:: YOUR GOAL ::
There is material below. Print exactly the lines starting at the line with "Apartamento de 3" and ending at the line with "Aritzia Wilfred The Cloud Puff XXS", ends included, and no others.

:: SUPPLIED ENTRIES ::
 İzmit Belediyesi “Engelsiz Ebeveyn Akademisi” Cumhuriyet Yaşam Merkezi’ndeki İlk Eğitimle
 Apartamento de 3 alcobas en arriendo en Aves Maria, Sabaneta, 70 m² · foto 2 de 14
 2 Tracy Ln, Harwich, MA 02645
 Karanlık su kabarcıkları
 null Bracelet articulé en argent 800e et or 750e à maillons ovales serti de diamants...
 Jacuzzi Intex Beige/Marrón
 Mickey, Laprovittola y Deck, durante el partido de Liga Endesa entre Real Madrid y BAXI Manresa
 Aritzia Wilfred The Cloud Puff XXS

==

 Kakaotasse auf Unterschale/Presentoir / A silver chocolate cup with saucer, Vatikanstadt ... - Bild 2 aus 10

:: REPLY TO THE EXERCISE ::
 Apartamento de 3 alcobas en arriendo en Aves Maria, Sabaneta, 70 m² · foto 2 de 14
 2 Tracy Ln, Harwich, MA 02645
 Karanlık su kabarcıkları
 null Bracelet articulé en argent 800e et or 750e à maillons ovales serti de diamants...
 Jacuzzi Intex Beige/Marrón
 Mickey, Laprovittola y Deck, durante el partido de Liga Endesa entre Real Madrid y BAXI Manresa
 Aritzia Wilfred The Cloud Puff XXS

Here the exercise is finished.